Parse a tree & return the various paths

Question

Input:

{ 1: [2,3], 2:[4], 3: [5,6], 4:[6] }

Expected output:

[[1, 2, 4, 6], [1, 3, 5], [1, 3, 6]]

My Code:

def parse(node, tree):
    result = []
    if node not in tree:
        return [[node]]
    else:
        res = []
        for next_node in tree[node]:
            res.extend(parse(next_node, tree))
        for r in res:
           result.append([node]+r)
        return result

I'm looking for a less-complex solution.

Answer 1

You can get rid of the variables result and res and shorten the code by changing it into a generator. If you really need to get a list in the end, wrap the call with list(parse(root, tree)).

def parse(node, tree):
    if node not in tree:
        yield [node]
    else:
        for next_node in tree[node]:
            for r in parse(next_node, tree):
                yield [node] + r

Answer 2

What exactly do you expect? The code is fairly concise and clear. It's complexity is also well. If anything, the list concatenation is what's taking the most time here.

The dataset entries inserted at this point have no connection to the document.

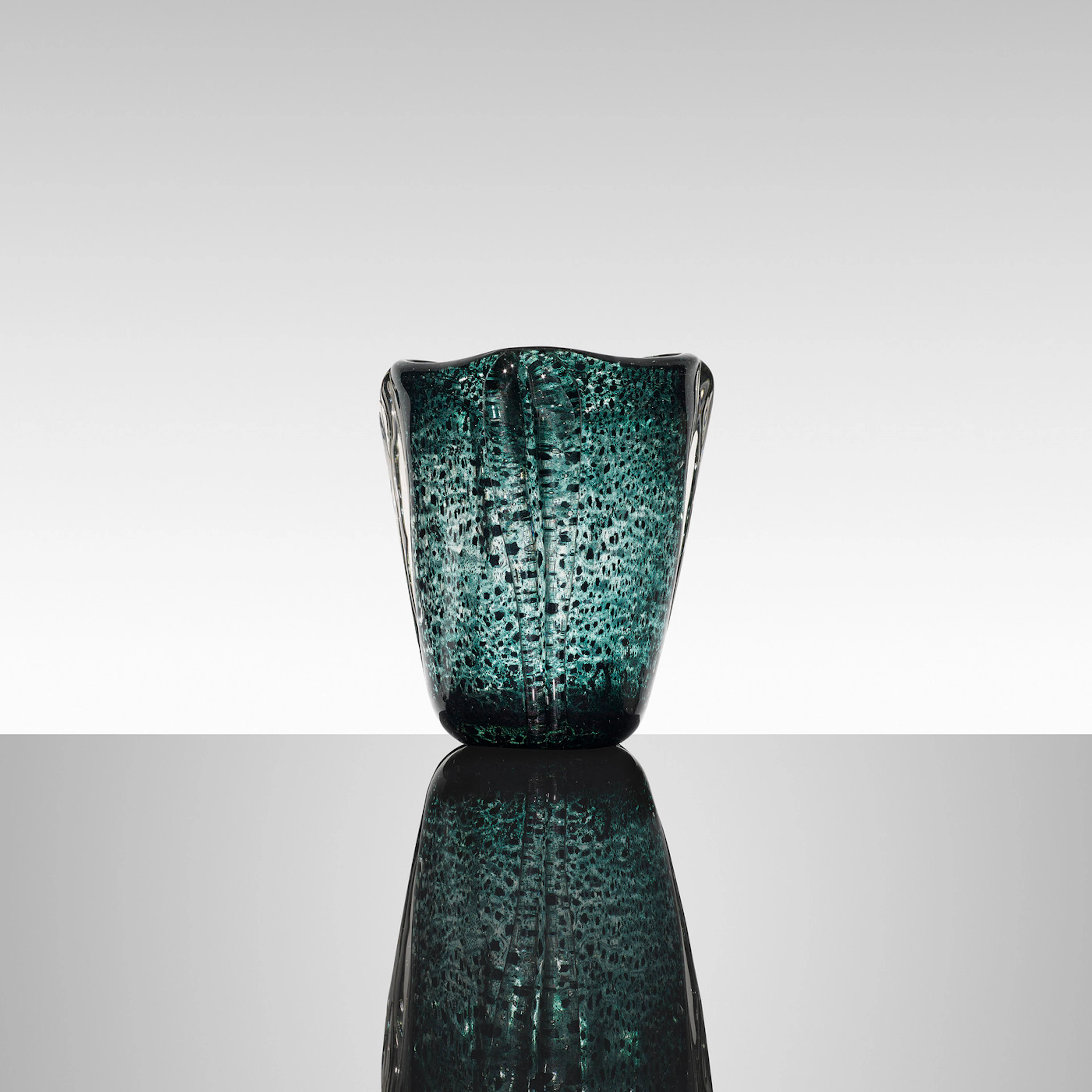 Laguna Gemmata vase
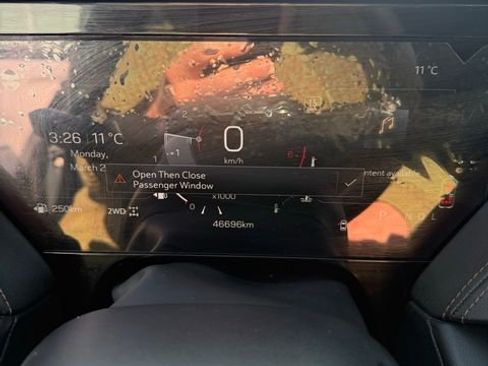 Used 2025 GMC Yukon AT4 w/ AT4 Premium Package AWD/4WD image 3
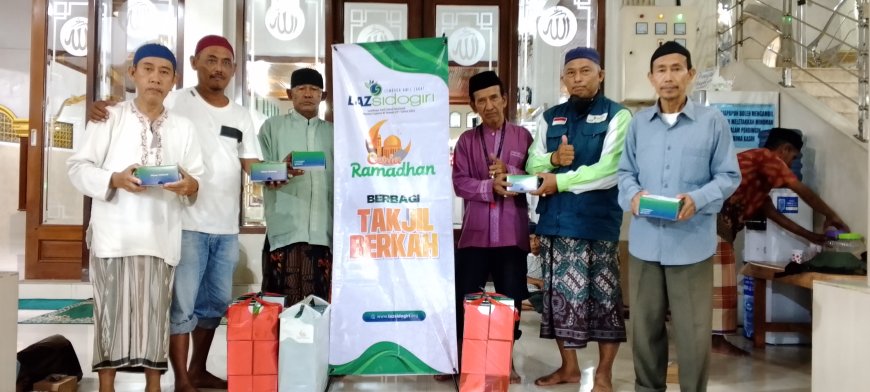 BERBAGI TAKJIL DI MASJID AR-RAUDHAH, HADIRKAN KEBAHAGIAAN UNTUK JAMAAH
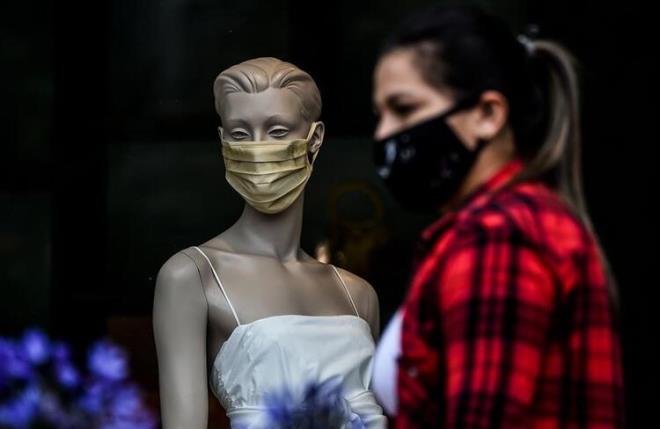 Uzmanlar, koronavirsn neden olduu Covid-19'un mevsimsel bir hastalk olup olmad konusunda henz kararsz ancak ngiliz Daily Telegraph gazetesine konuan Reading niversitesi'nden Viroloji Profesr Ian Jones, grip gibi dier solunum hastalklarnn yaz aylarnda daha az yayldn sylyor.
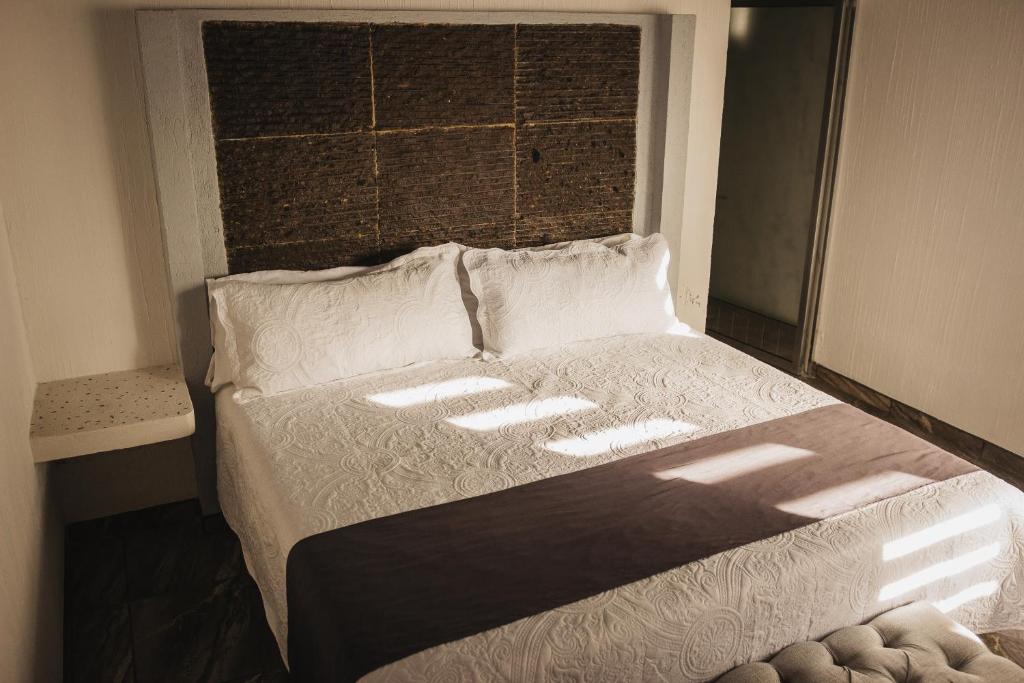 Postel nebo postele na pokoji v ubytování Hotel Nuevo Bernal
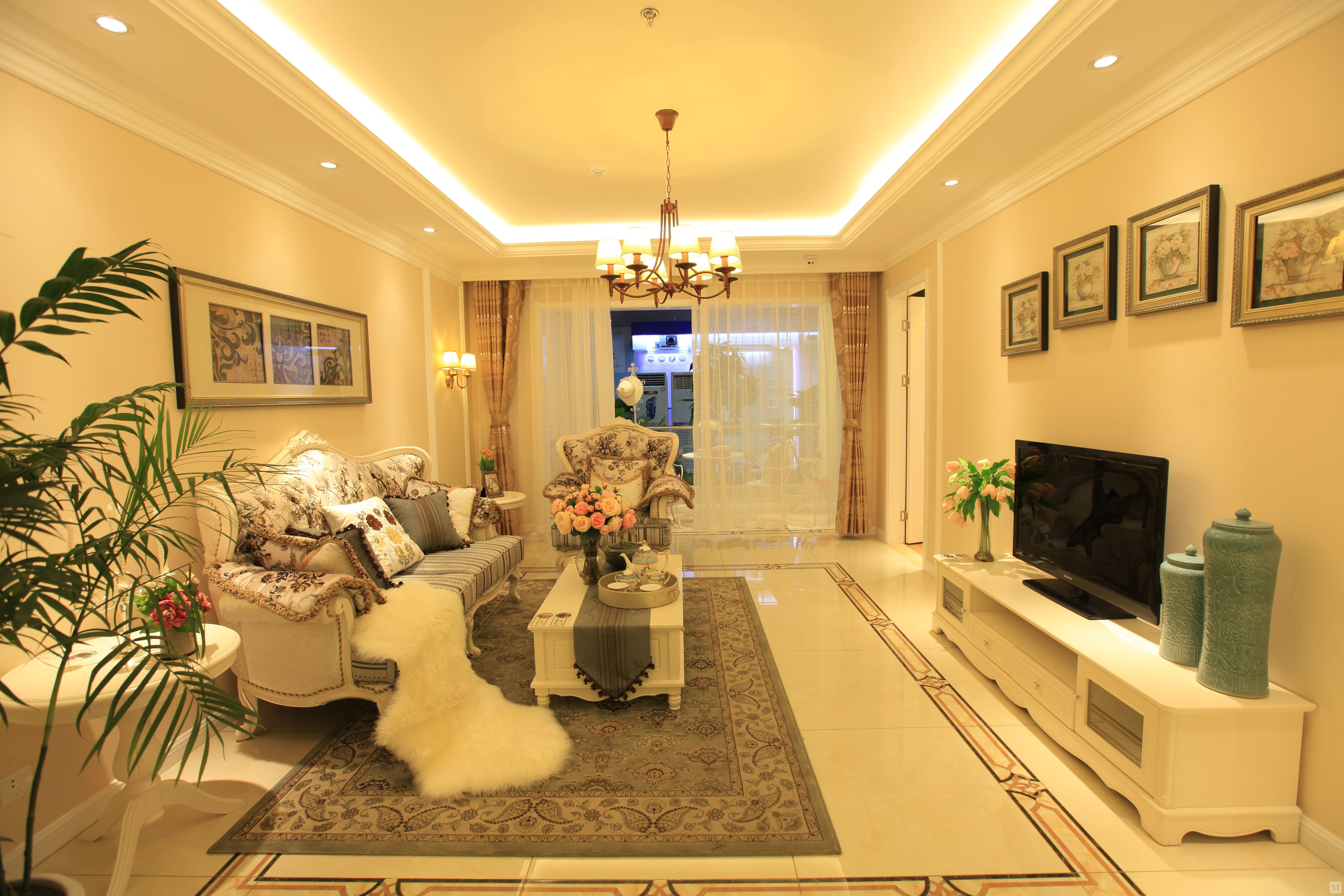 8万134㎡简欧三房装修简欧风情,高贵浪漫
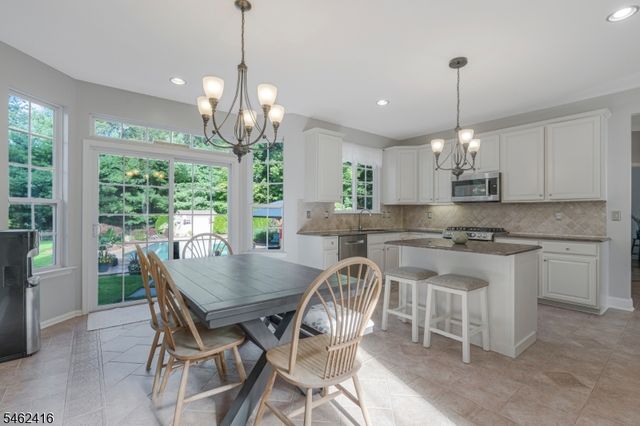 2 Saunders Ln, Mount Olive Twp., NJ 07840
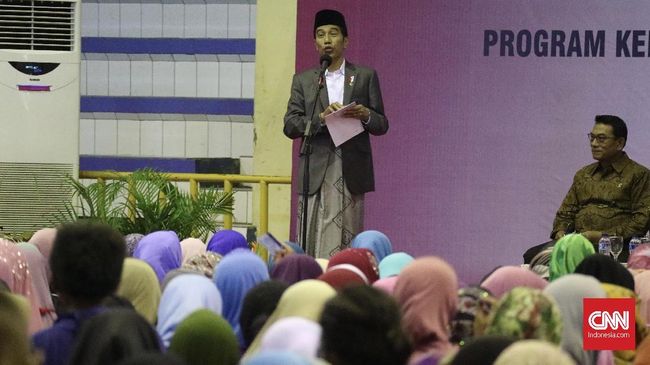 Bagi-bagi Sertifikat Jokowi, Antara Pengibulan dan Misi Suci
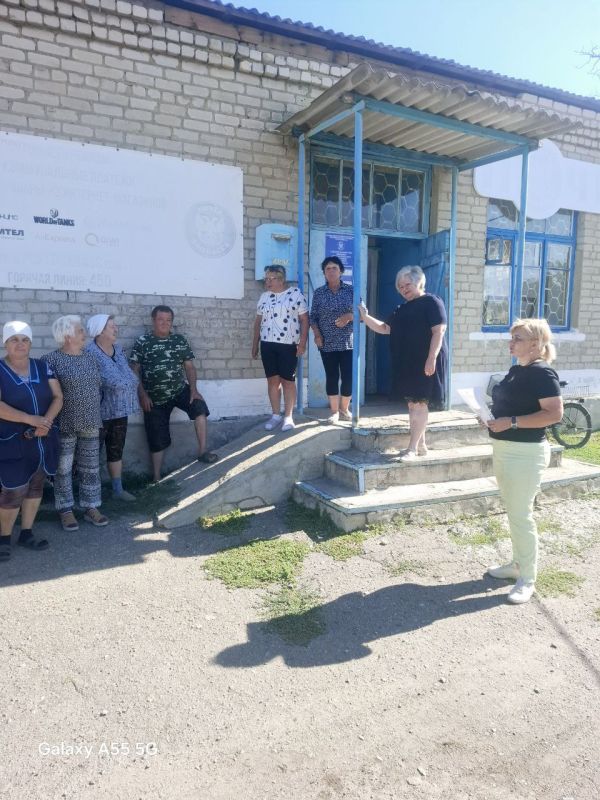 21 августа лидер общественного мнения Старобешевского муниципального округа Андреев Андрей провел встречу с тракторной бригадой ООО «АГРОФИРМА «ЗАРЯ» 21 августа лидер общественного мнения Старобешевского муниципального округа Андреев Андрей провел встречу с тракторной бригадой ООО «АГРОФИРМА «ЗАРЯ»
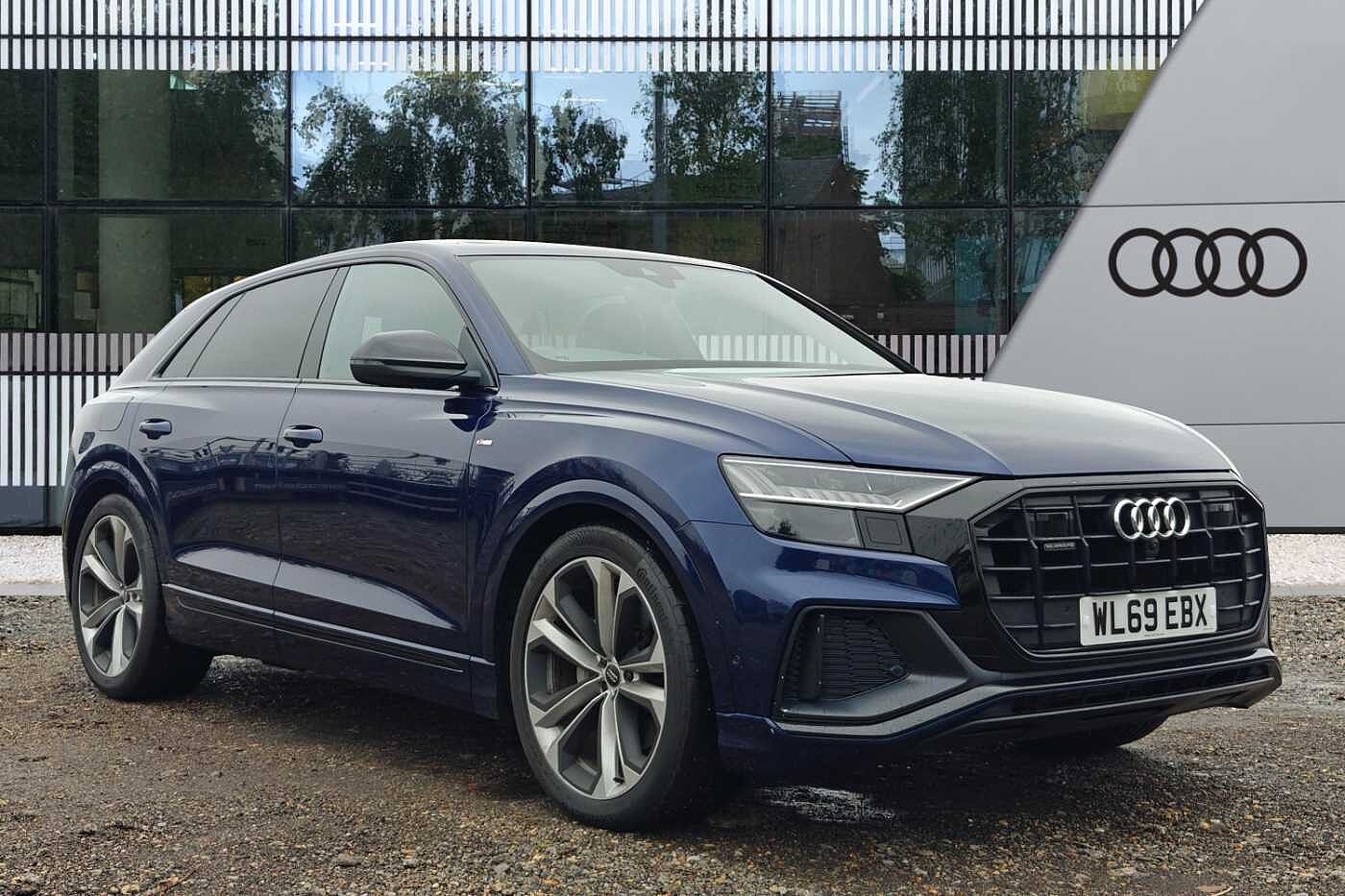 Main listing image - Audi Q8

So I would just change it slightly to avoid that like this:

def parse(node, tree, depth=1):
    result = []
    if node not in tree:
        return [[node] * depth]
    else:
        res = []
        for next_node in tree[node]:
            res.extend(parse(next_node, tree, depth+1))
        for r in res:
           r[depth-1] = node
           result.append(r)
        return result

This way you automatically create the list of the correct length and avoid adding to a list over and over.